A BICHA DE SETE CABEÇAS


Era uma vez um homem que vivia com uma sua irmã em muito boa amizade; vem uma má d'uma vizinha e disse-lhe: «Você aqui cheiinha de trabalho e seu irmão para ali a comer na venda mais uma amiga.» «Não diga tal; isso é falso.» A vizinha veio para onde ao irmão e encontrou-o a roçar mato e disse-lhe: »Você aqui mortinho de trabalho e sua irmã em casa com um amigo a comer bons bocados.» O irmão chegou a casa; vestiu-se com o fato melhor, pegou n'uma espingarda ás costas e levou tres carneiros, tres broas de pão e tres vintens em dinheiro, que dinheiro não tinha mais. Pelo caminho pegou nos carneiros e no pão e deu tudo a um pobre que encontrou que era Nosso Senhor e elle lhe fez dos carneiros tres cães que filavam a tudo que encontravam. Era muito feliz na caça; todos os caçadores o chamavam para irem á caça com elle.

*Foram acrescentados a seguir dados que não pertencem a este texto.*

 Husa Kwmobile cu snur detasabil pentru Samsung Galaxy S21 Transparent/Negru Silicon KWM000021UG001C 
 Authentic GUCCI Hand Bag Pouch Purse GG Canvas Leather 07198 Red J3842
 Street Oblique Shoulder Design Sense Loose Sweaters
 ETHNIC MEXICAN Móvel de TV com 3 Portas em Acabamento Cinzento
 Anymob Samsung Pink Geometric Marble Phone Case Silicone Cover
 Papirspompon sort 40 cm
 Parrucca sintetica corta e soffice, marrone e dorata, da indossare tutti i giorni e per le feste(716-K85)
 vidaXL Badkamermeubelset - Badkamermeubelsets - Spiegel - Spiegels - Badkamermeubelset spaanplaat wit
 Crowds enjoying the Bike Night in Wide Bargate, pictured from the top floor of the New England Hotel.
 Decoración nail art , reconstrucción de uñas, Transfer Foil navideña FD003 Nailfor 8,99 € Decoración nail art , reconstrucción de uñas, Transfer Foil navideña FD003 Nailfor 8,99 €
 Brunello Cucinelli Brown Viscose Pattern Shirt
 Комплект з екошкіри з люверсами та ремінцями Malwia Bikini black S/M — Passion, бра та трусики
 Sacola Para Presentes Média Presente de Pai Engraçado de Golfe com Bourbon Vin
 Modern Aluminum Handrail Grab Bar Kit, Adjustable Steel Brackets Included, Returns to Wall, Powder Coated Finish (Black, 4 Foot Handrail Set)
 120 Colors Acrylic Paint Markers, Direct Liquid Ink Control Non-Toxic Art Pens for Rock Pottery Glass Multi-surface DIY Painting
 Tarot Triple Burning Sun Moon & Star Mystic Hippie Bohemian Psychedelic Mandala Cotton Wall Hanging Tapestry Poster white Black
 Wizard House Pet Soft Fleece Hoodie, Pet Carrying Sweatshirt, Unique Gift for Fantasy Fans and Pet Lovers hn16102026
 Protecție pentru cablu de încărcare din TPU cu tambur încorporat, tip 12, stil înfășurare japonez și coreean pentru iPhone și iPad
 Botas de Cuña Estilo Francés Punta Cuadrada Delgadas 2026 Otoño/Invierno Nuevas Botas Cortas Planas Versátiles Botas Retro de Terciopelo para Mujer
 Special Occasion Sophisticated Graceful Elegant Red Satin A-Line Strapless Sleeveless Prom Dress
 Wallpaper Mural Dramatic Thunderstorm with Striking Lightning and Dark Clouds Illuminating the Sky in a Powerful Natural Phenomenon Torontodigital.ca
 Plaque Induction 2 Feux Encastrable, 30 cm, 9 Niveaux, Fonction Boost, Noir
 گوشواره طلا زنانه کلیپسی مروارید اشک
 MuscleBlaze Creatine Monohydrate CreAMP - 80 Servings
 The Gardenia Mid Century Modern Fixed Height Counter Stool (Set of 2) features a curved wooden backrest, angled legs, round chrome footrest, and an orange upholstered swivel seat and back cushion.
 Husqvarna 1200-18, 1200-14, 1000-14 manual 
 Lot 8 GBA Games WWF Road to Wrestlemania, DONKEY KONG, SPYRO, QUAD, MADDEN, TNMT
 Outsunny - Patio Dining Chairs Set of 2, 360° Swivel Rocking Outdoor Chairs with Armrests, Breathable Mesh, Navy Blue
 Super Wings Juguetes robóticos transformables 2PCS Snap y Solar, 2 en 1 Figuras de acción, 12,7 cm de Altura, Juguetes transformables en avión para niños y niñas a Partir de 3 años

Um dia chegou a um monte e estava lá uma rapariga e assim que o viu disse-lhe: «Fuja, meu tio, que vem lá a bicha de sete cabeças e mata-o». «Que bicha será essa a que eu não posso atirar?» «É uma bicha que todos os caçadores teem andado a ver se a podem matar e não a matam e elle todos os dias come uma pessoa que vem ao monte, se lhe cae a sorte n'ella. Eu era filha do rei e caiu-me a sorte.» Elle disse: «Não tenho medo; eu hei de matal-a que trago aqui tres cães que filam a tudo.» N'isto chegou a bicha que a duas leguas de distancia já se ouvia rugir.

Chegou a bicha e elle assogou-lhe os cães e matou-a. Depois então a menina disse-lhe: «Venha commigo que ha de ter um grande premio de meu pae, que até disse que se algum homem matasse a bicha me dava a elle em casamento». «Eu agradeço, mas não quero». «Então venha commigo que meu pae dá-lhe um grande premio». «Eu não preciso de nada». Ella então tomou um annel d'ouro e deu-lh'o e elle acceitou-o.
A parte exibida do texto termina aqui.